Jantung Hay Hay berdebar tegang ketika dia memandang laki-laki gagah di depannya itu. Seorang laki-laki berusia empat puluh tahun lebih, bertubuh tegap dan berwajah tampan dan gagah, pembawaannya penuh wibawa dan matanya bersinar tajam. Dia tahu bahwa laki-laki inilah yang pernah menjadi ayahnya, ayah angkat mungkin, dan bahwa laki-laki ini sajalah yang tahu tentang riwayat dirinya! Cepat dia memberi hormat.

"Apakah saya berhadapan dengan Pek-pangcu, Ketua Pek-sim-pang?" tanyanya.

"Benar, aku adalah Ketua Pek-sim-pang bernama Pek Kong."

"Ah, Pangcu. Justru pertanyaan tadi itulah yang mendorong saya untuk berkunjung kesini, karena hanya Pangcu yang akan dapat menjawabnya."

"Maksudmu?" tanya Pek Kong terbelalak.

Pada saat itu, Pek Ki Bu yang tidak menghendaki percakapan itu dilakukan di tempat terbuka dan terdengar oleh semua murid Pek-sim-pang, cepat melangkah maju dan berkata.

"Sebaiknya kita bicara saja di dalam. Bagaimanapun juga, orang muda ini telah menyelamatkan kita dari keadaan yang tidak enak sekali tadi. Marilah, orang muda, mari kita masuk dan bicara di dalam."

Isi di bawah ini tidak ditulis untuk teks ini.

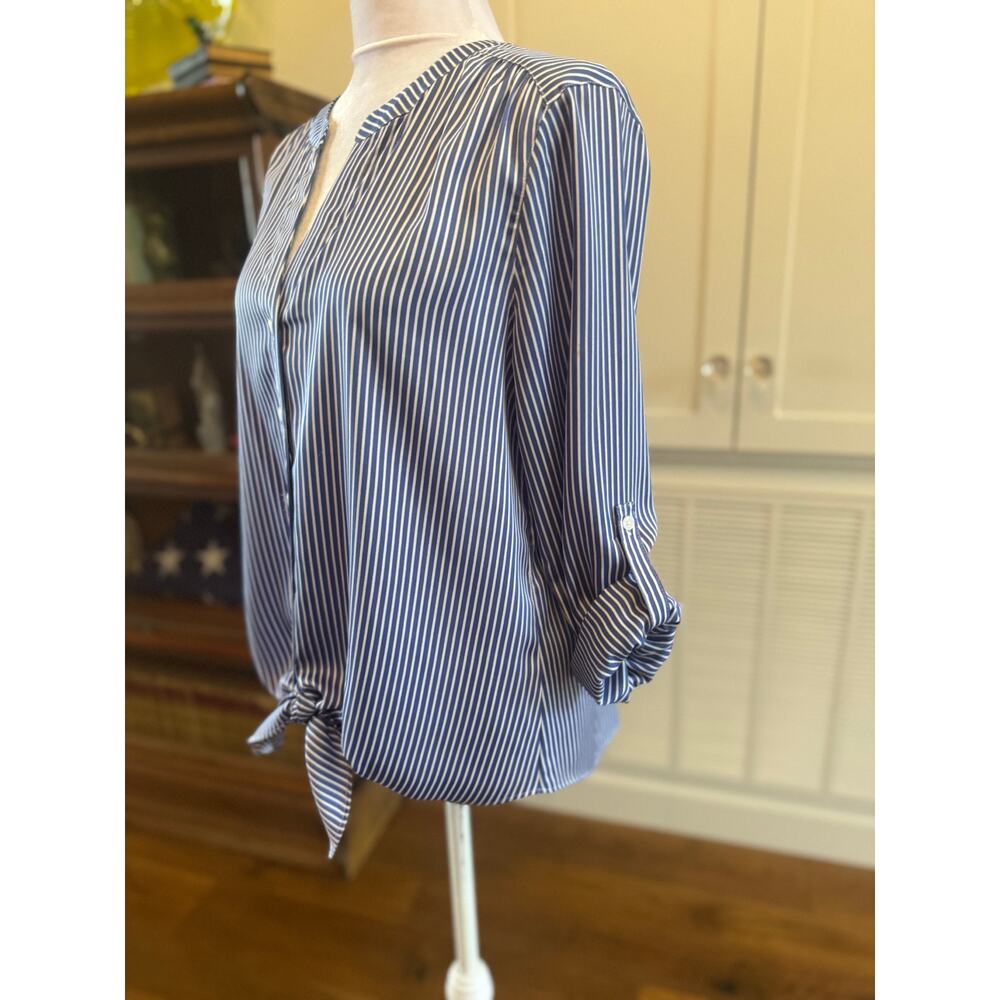 ANN TAYLOR Blue Striped Tie-Front Button Down Blouse Medium Nautical soft - Picture 7 of 11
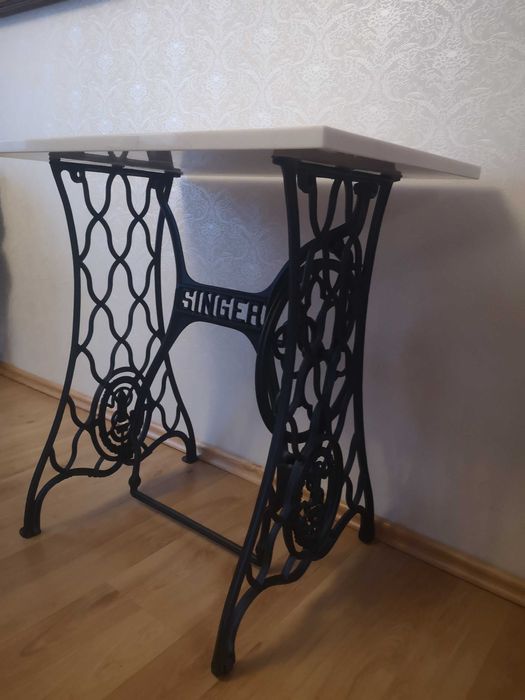 Stolik z naszyny do szycia kaminny blat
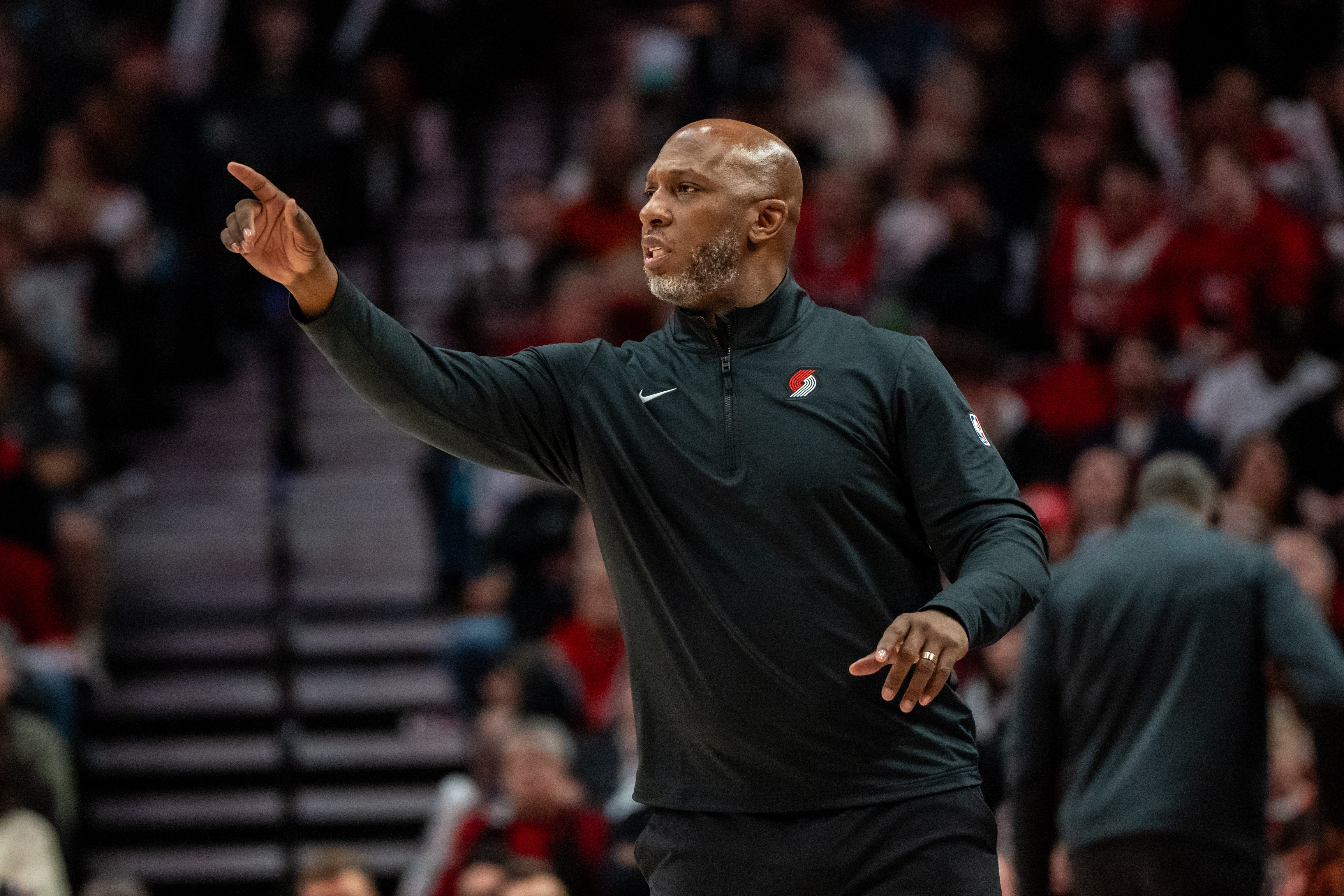 关于开拓者主场告捷，全队努力取得关键胜利的信息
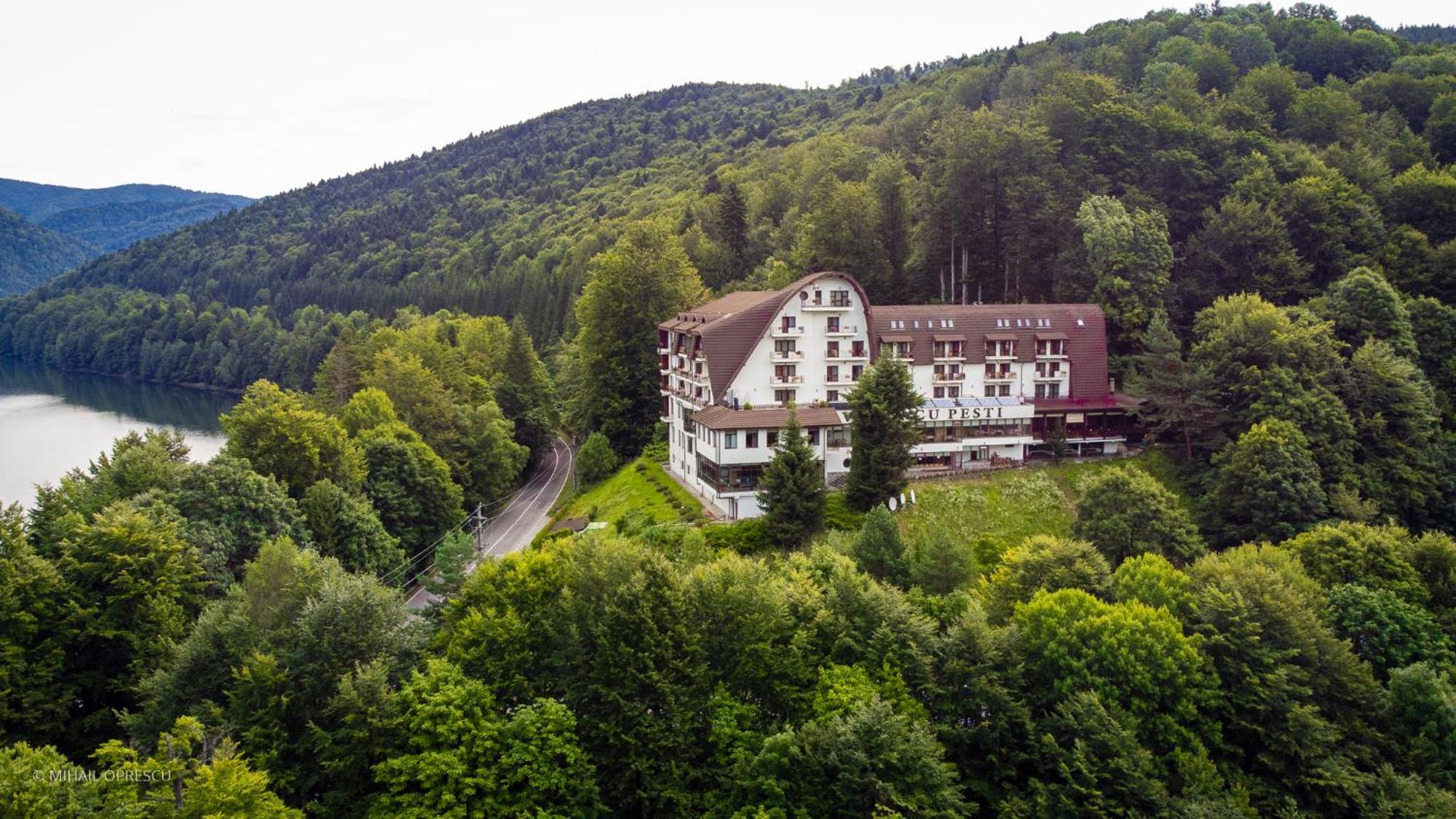 Hotel Valea Cu Pesti Căpăţîneni-Ungureni Екстериор снимка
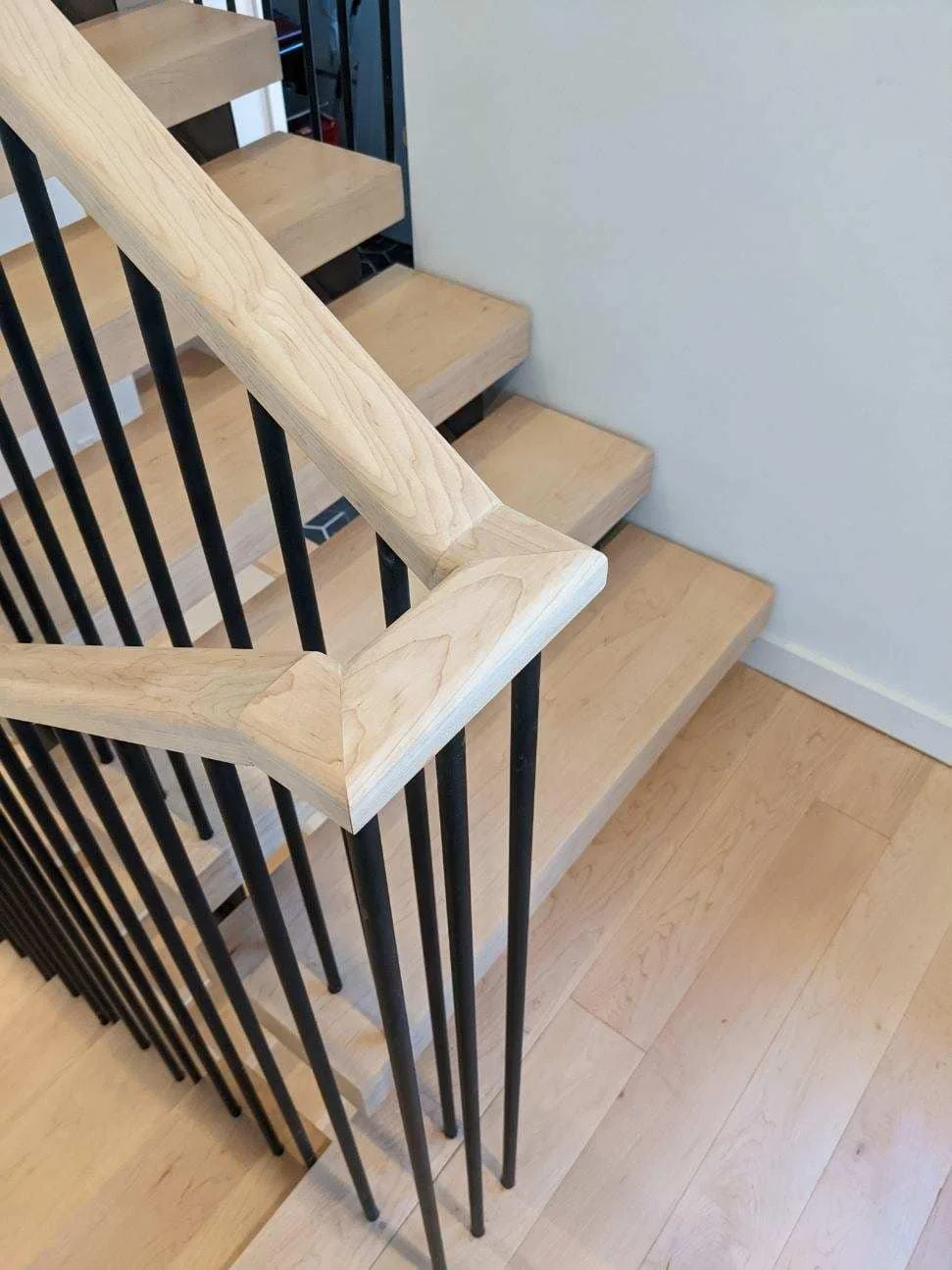 Keuka Studios Custom Metal Railing W/ Floating Stringers

Joinery, lower stairs, and treads by TML WOODWORKS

Hay Hay mengangguk, akan tetapi kakinya ragu-ragu melangkah karena ketika dia menoleh kepada Pek Eng, dia melihat gadis itu berdiri melotot kepadanya dan seolah-olah gadis itu tidak rela menerimanya sebagai tamu di rumahnya. Melihat pemuda itu ragu-ragu, kemudian mengikuti pandang mata pemuda itu dan melihat sikap puterinya, Nyonya Souw Bwee lalu menggandeng tangan puterinya.

"Eng-ji, mari kita masuk dulu dan mempersiapkan hidangan untuk menyambut tamu!"

Pek Eng tidak dapat membantah dan ditarik ibunya masuk lebih dulu. Hay Hay melempar senyum kepadanya dan gadis itu membuang muka, membuat senyum Hay Hay menjadi semakin lebar.

Kini mereka duduk berhadapan mengelilingi sebuah meja besar di ruangan belakang. Nyonya Souw Bwee, setelah memerintahkan pelayan mempersiapkan hidangan, ikut pula duduk karena ia ingin sekali mendengar penuturan pemuda itu. Juga Pek Eng ikut duduk, akan tetapi ia duduk agak di belakang, tidak mau berdekatan dengan pemuda itu.

"Nah, sekarang ceritakan kepada kami tentang dirimu dan tentang pengakuanmu sebagai Sin-tong tadi, orang muda." Kata Pek Kong.